● **TASK TO CARRY OUT**
At the line that holds "Number 2: Precision", start repeating, and keep going exactly through the final line of the material; include both ends and skip the pictures.

··· INFORMATION SUPPLIED

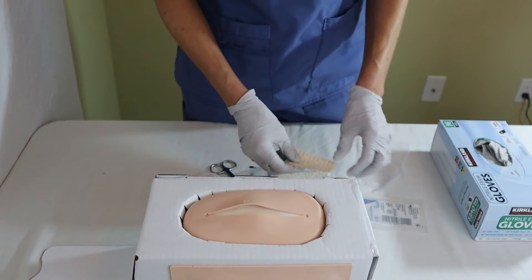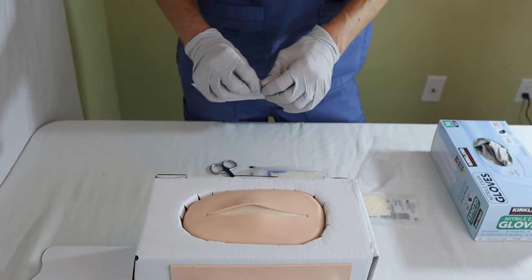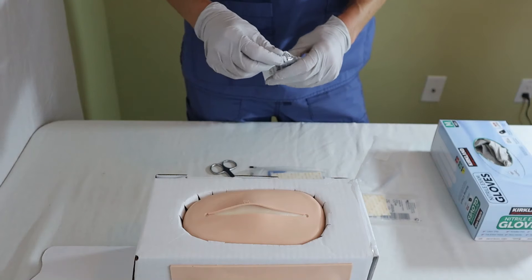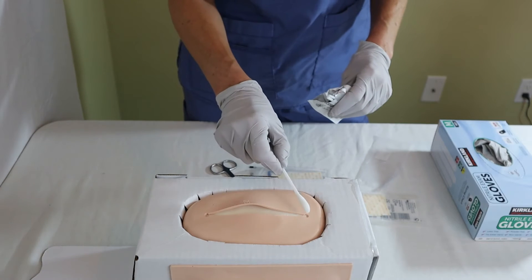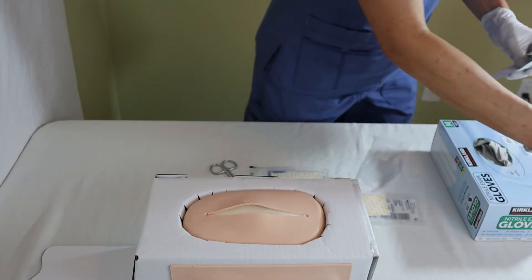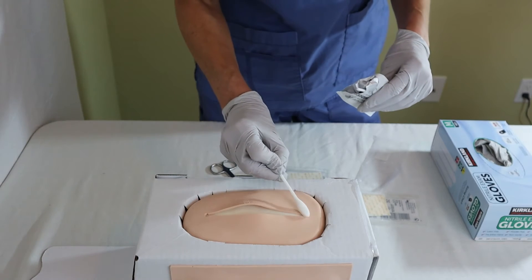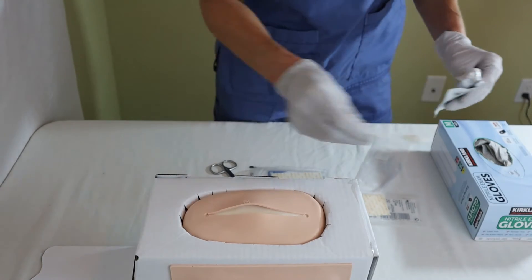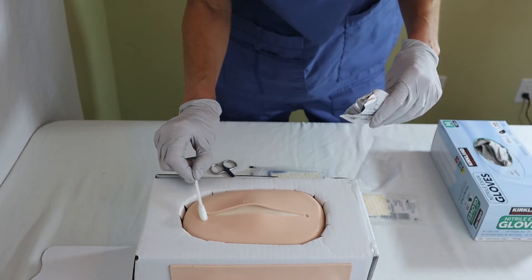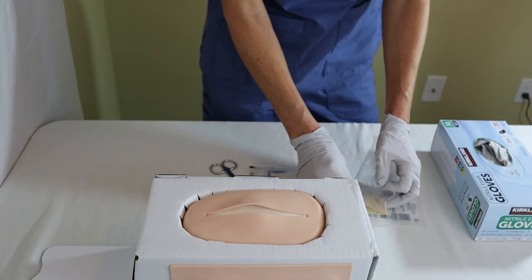Now that I've cut my strips and put them back in their wrapper, I will take the cleaning solution and clean the wound as we usually do — from one side to the other on one edge, dispose of that, then clean the other edge, and then clean down the middle. Now I'm ready to apply my SteriStrips.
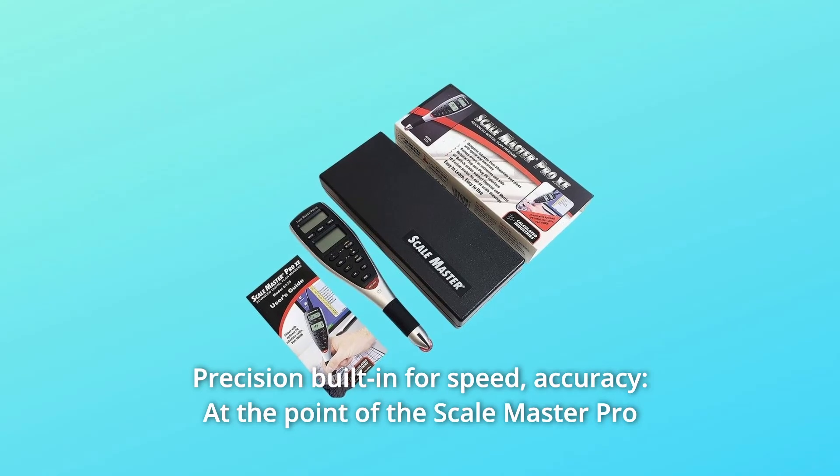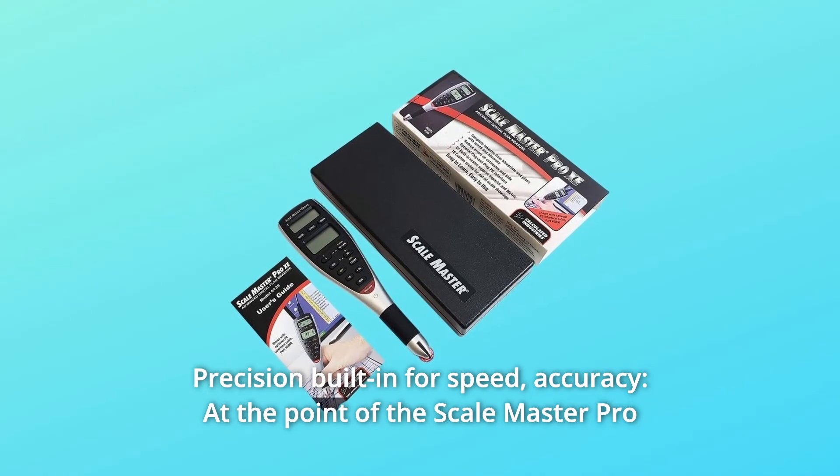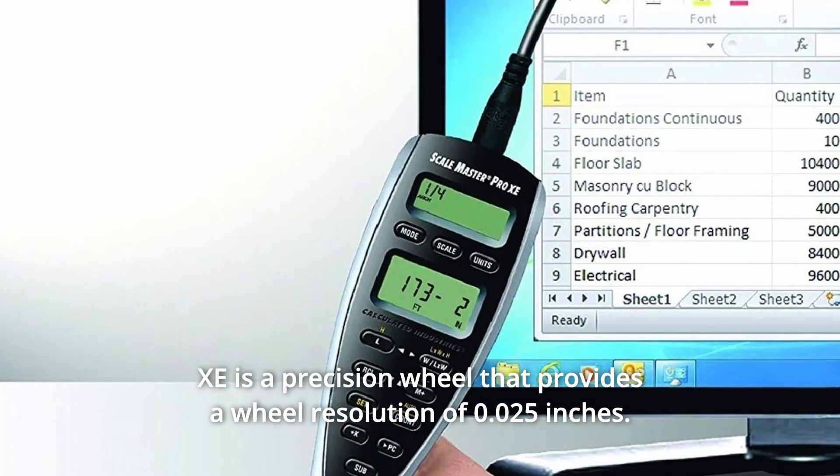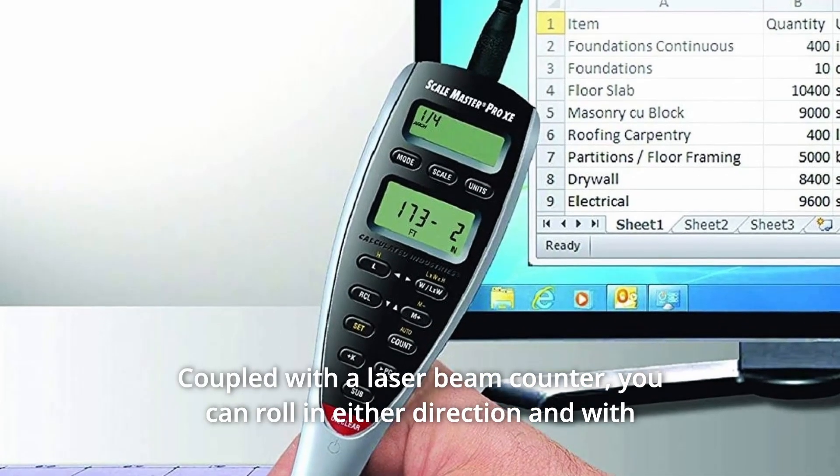Number 2: Precision built-in for speed and accuracy. At the point of the Scale Master Pro XE is a precision wheel that provides a wheel resolution of 0.025 inches, coupled with a laser beam counter.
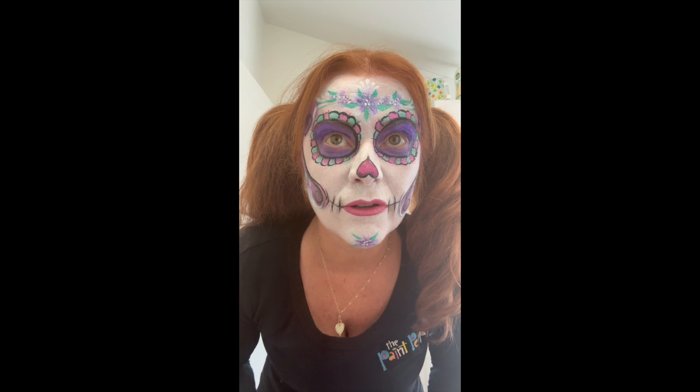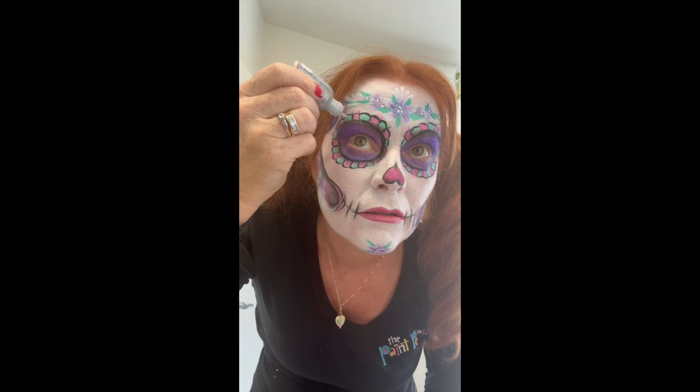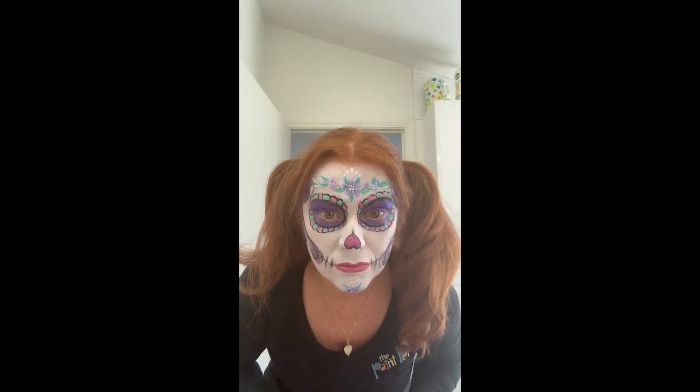Okay, now I'm just going to finish off with a little bit of liquid bling. Ta-da!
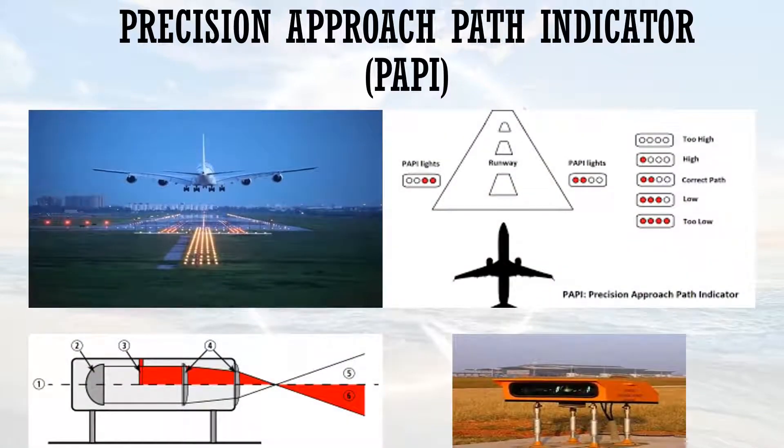Hello and welcome back to Aviation Heavy, where you feel the most alive. Today's session is all about Precision Approach Path Indicator, or PAPI. Those who have been serving aviation for a number of days are well aware of what PAPI is. Those who are new — Aviation Heavy is always there for you. So let's get started.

······

● **ANSWER SPACE**
Number 2: Precision built-in for speed and accuracy. At the point of the Scale Master Pro XE is a precision wheel that provides a wheel resolution of 0.025 inches, coupled with a laser beam counter.
Okay, now I'm just going to finish off with a little bit of liquid bling. Ta-da!
Hello and welcome back to Aviation Heavy, where you feel the most alive. Today's session is all about Precision Approach Path Indicator, or PAPI. Those who have been serving aviation for a number of days are well aware of what PAPI is. Those who are new — Aviation Heavy is always there for you. So let's get started.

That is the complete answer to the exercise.